I hear “boyfriend” from femme-presenting folks and assume they’re straight. I openly admit it’s a problem, but a problem not uncommon within both the straight and queer communities. Most of us have fallen victim to biphobia (e.g., Alice and The L Word), but grouping myself in the community doesn’t give me any more of an excuse. It’s something I’ve always worked on, but feel even more shame about now that I’m on the other side.

The reality — or even option — of bisexuality, let alone lesbian relationships, was completely masked by Midwestern middle school boyfriend culture. My little suburban hometown was a microcosm of heternormative relationships at large. From the moment AFAB folks are born, some aunt or peer or person of influence in your life asks you if you have a boyfriend. People socialized as girls are conditioned into this, and I thrived in this little bubble of boys, crushes, lip gloss, and everything Barbiecore. Middle school boyfriend culture led me right into the hands of a new country artist with only one single released to the public. She was opening for Keith Urban in Toledo, Ohio, and I begged my parents to go. I wanted to cry about my 8th grade crush while my favorite artist, Taylor Swift, sang “Teardrops On My Guitar.” She was the only person who understood what I was going through.

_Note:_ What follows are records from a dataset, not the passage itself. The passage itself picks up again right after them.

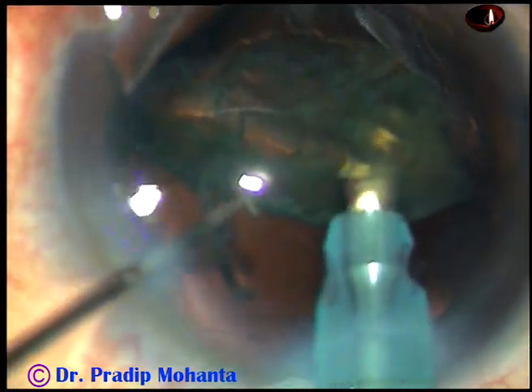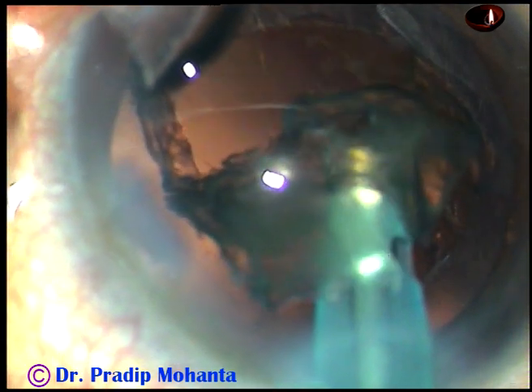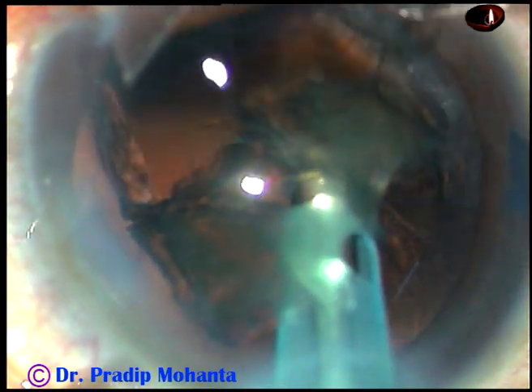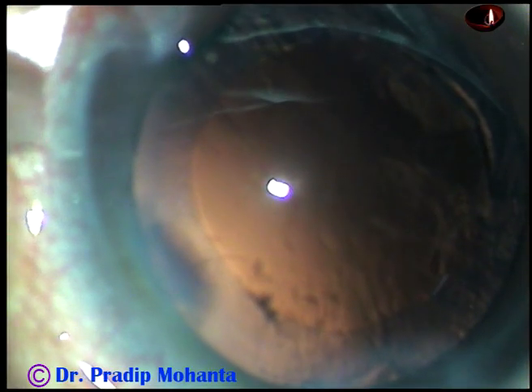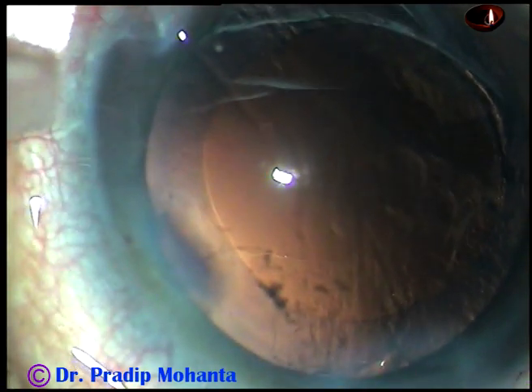Softer cataracts are harder to manage. This cataract is soft, but you have to be a master in managing soft cataracts. All the money comes from soft cataracts — patients with hard cataracts are usually poor. So be a master in managing soft cataracts.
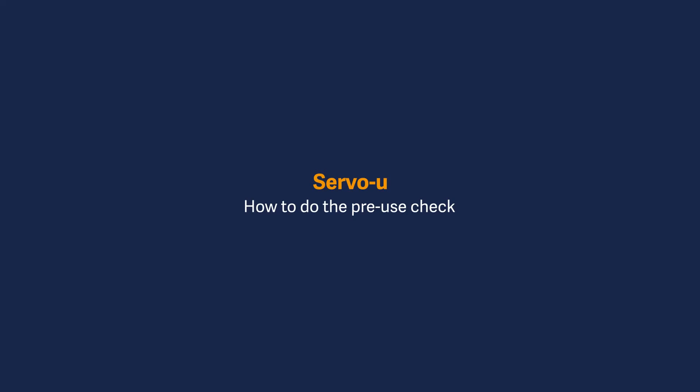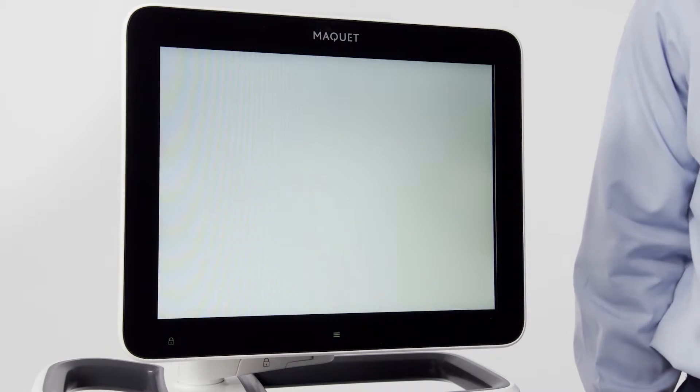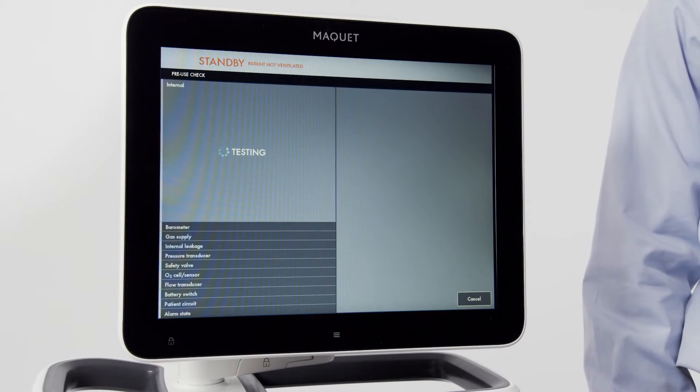Upon startup, you will be prompted to run a pre-use check. The pre-use check takes approximately five minutes and should be run between patients. To activate the pre-use check, press yes on the screen. You will then be prompted with illustrations that will guide you through the startup.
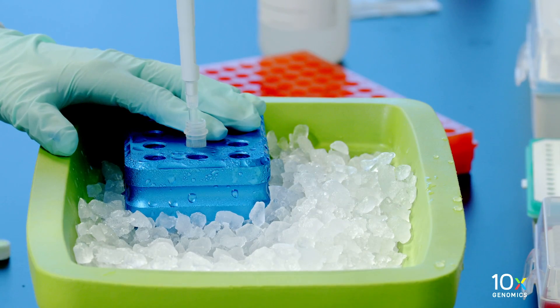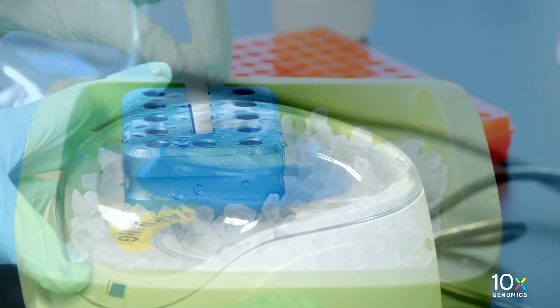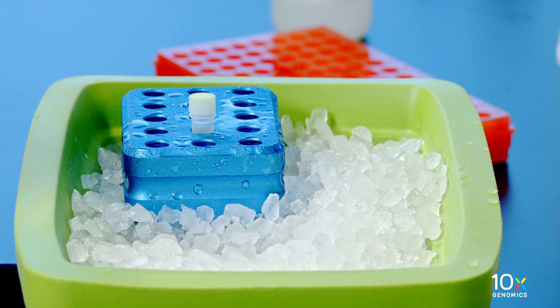Thaw the extension enzyme. Pipette mix, centrifuge briefly, and maintain on ice until ready to use.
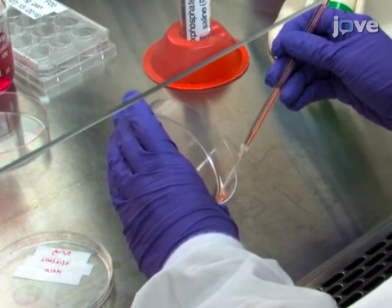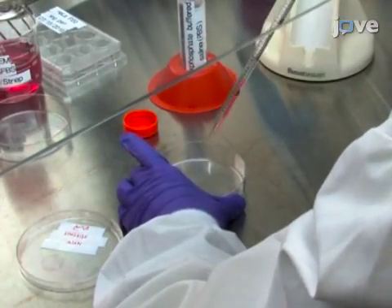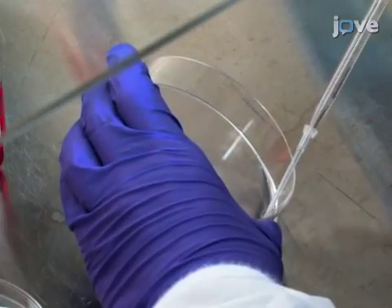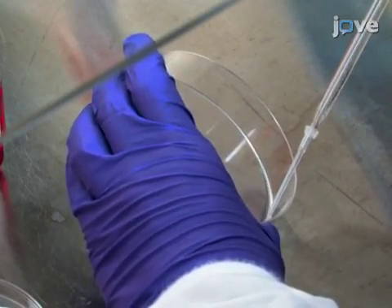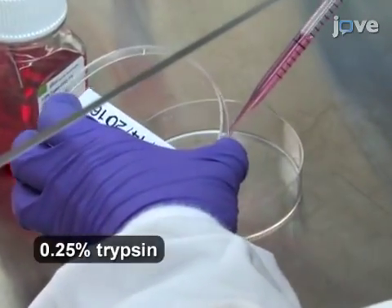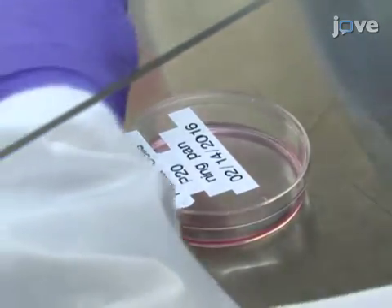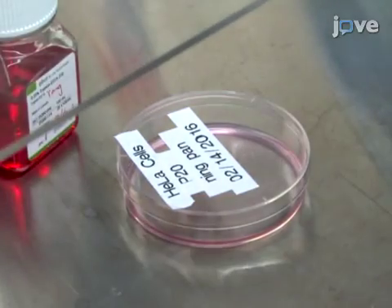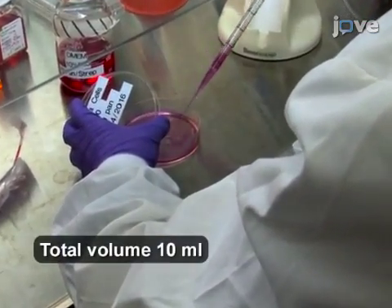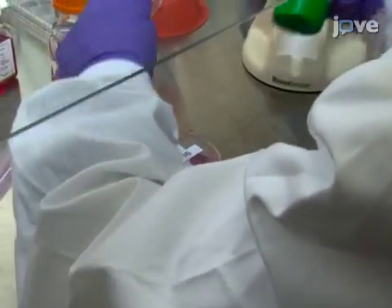To perform cell passaging, aspirate the growth medium and rinse the cells with 5 milliliters of 1x phosphate-buffered saline. Remove the PBS using a sterile aspiration tip and incubate the cells with 2.5 milliliters of trypsin for approximately 5 minutes at 37 degrees Celsius to detach the cells from the culture plate. Stop trypsin activity by adding 7.5 milliliters of complete cell culture medium and then uniformly resuspend the cells.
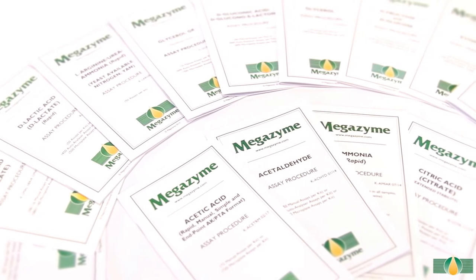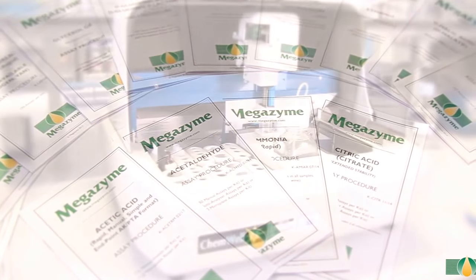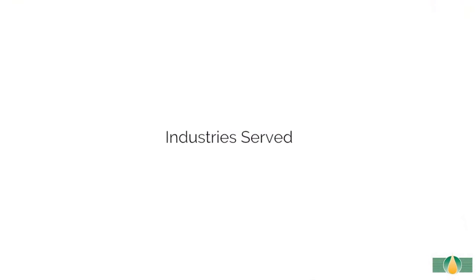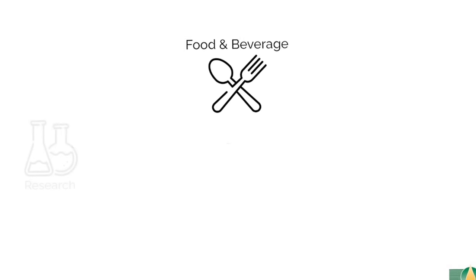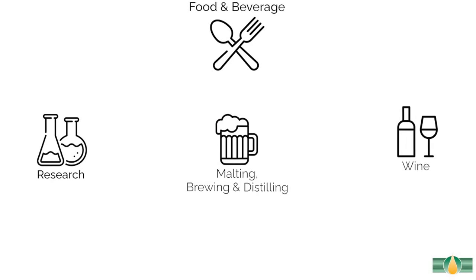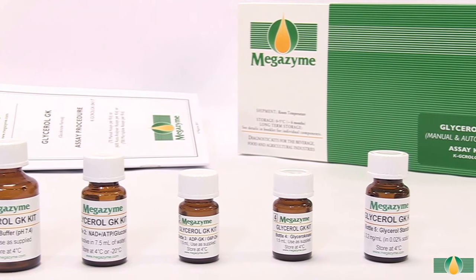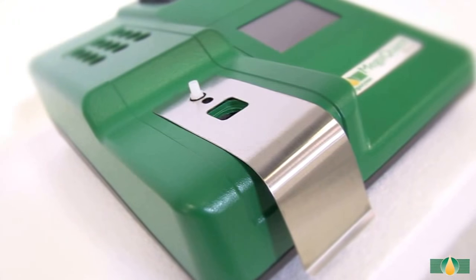Megazine provides an extensive range of assay kits for use in various assay formats including auto analyzer, microplate, and manual spectrophotometer. This glycerol assay kit can be used to accurately measure glycerol in various sample types throughout industries such as food and beverages. This video tutorial will demonstrate the use of the assay kit with a wine sample using the manual spectrophotometer format.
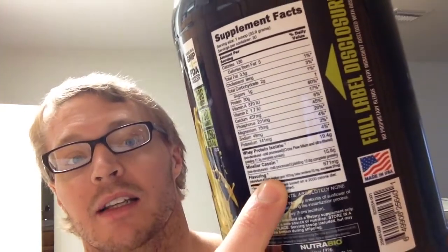They use 19.4 grams of whey isolate which yields 17.2 grams of whole protein, and 15.8 grams of casein which yields 12.8 grams of complete protein. They tell you down to the nitty-gritty of what makes up this product — they even tell you exactly the amounts of flavoring they use.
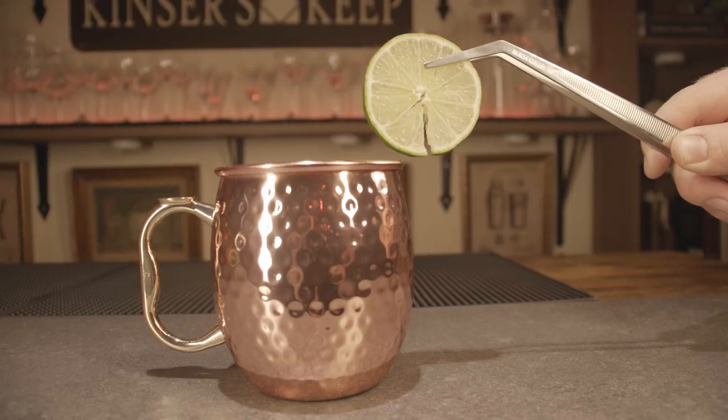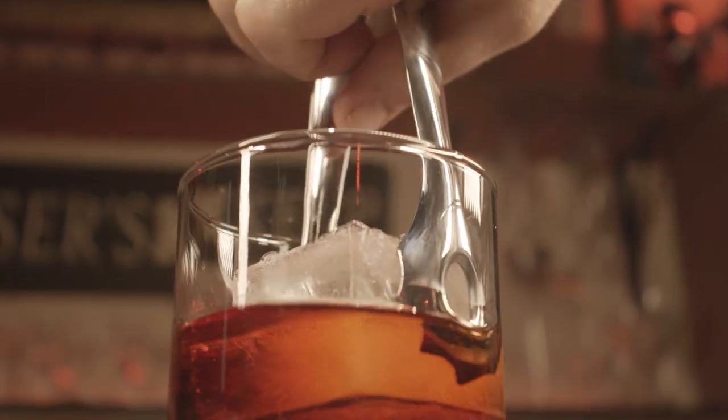Not only does using tongs look amazing when preparing drinks, minimizing the spread of germs and bacteria is the huge win here. Now, when it comes to garnish tongs, they're great for pretty much all garnishes, but with the ice tong, they're especially good at handling large ice cubes.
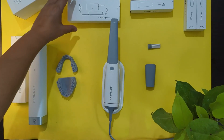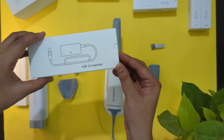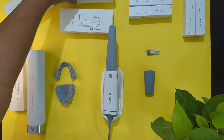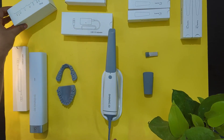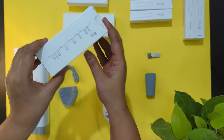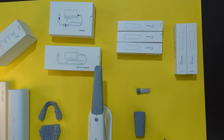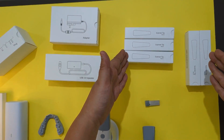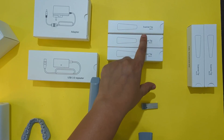There are also certain cables, USB ports, and adapters included along with the intraoral scanner. Depending on different countries and regions, different plug types are provided as well. The scanner tips — three for adult patients and two for pediatric patients — have already been covered.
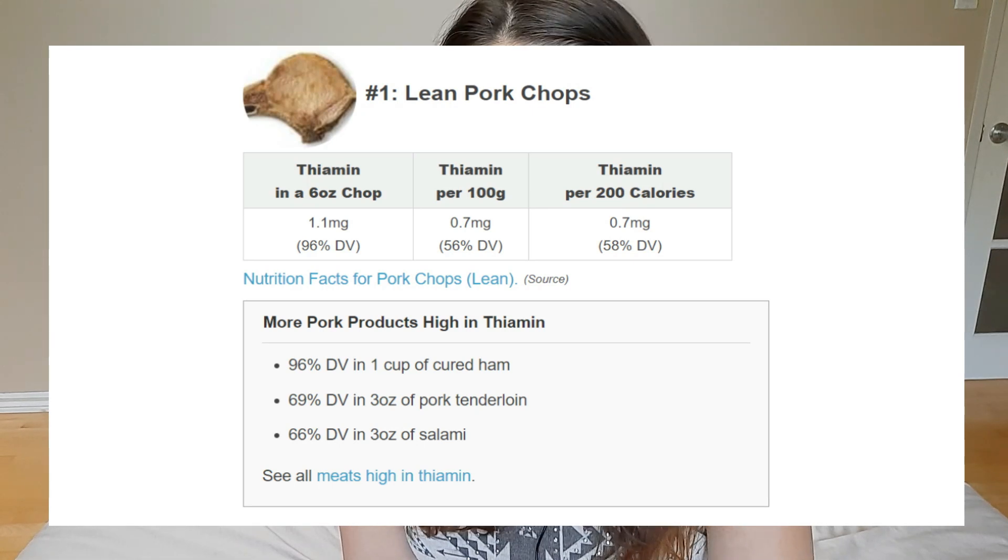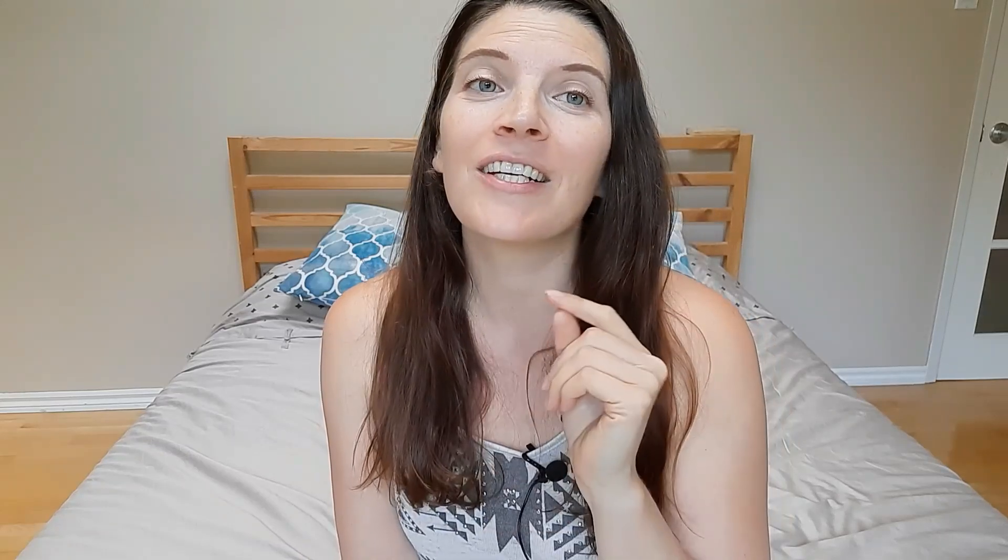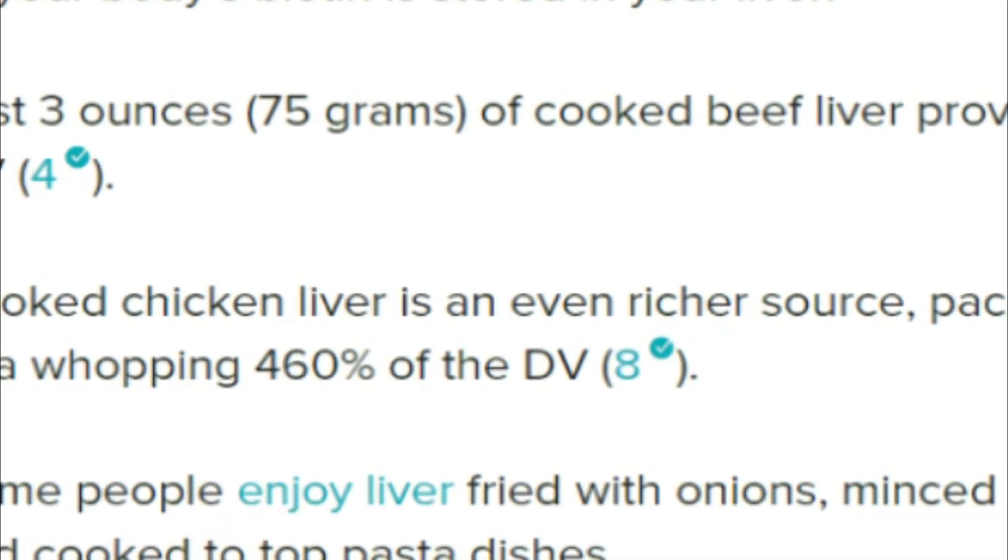I believe this could be because I was on a thiamine-deficient and biotin-deficient diet for 11 years. Looking online, the biggest source of thiamine is pork chops. I've steered away from pork because Paul Saladino talks about pigs being high in linoleic acid, but pork is a really great source of thiamine, so I'm going to start doing leaner cuts. A very high source of biotin is chicken liver — about 400% of your daily value — so I'm definitely going to be eating chicken liver and pork to help my bacteria get rid of some of this oxalate.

In fact, she was the person I wanted to be while going through the pains of puberty. Only 15 at the time, she wasn’t yet a worldwide sensation, but she represented everything acceptable and praiseworthy. She was the straight, white, Christian girl who was so picture perfect no one could dislike her. She was the all-American girl who wasn’t afraid to cry over a boy and let people know about it. Growing up Asian and “obese” for my age, this wasn’t something I was given permission to do. Feelings for boys were “stupid” and “pointless.” I shouldn’t be filling my head with emotional garbage when I could be doing math homework. Even if I did spill my heart out to all the boys in 8th grade, there’s no way they would ever like me. I wasn’t skinny, blonde, or outgoing like Taylor. I was that weird, dark, chubby, shy kid in the corner who wasn’t even the smartest person in the class. Even though Taylor was the quintessential 15-year old, she still somehow seemed to understand the agony of having a secret yearning.

Her sophomore album, Fearless was released in the midst of my own highschool agony. It was all too perfect that tunes like “Love Story” and “You Belong With Me” made the charts just as I was first reading Romeo and Juliet and developing many crushes on the “it” guy, and eventually, “it” girl. My version of the popular jock was actually a series of closeted gay men, two very nerdy valedictorians, and the most beautiful, smart, talented girl in my school two grades above me. I never quite labeled this girl crush as a real crush, and yet I found myself thinking about her non-stop. When I wasn’t thinking about the boys I wanted to date, I was thinking about her.

Thankfully, Taylor released Speak Now, as I was getting acquainted with the idea that I was a Hopeless Romantic. I screamed about how “Sparks Fly” when I see that guy smile at me at the football game, or how I punched my pillow to “Better Than Revenge” when my ex-best friend started dating the guy I took to the winter formal. It’s like Taylor was there with me. Better yet, it was like I was her, the girl I always wanted to be.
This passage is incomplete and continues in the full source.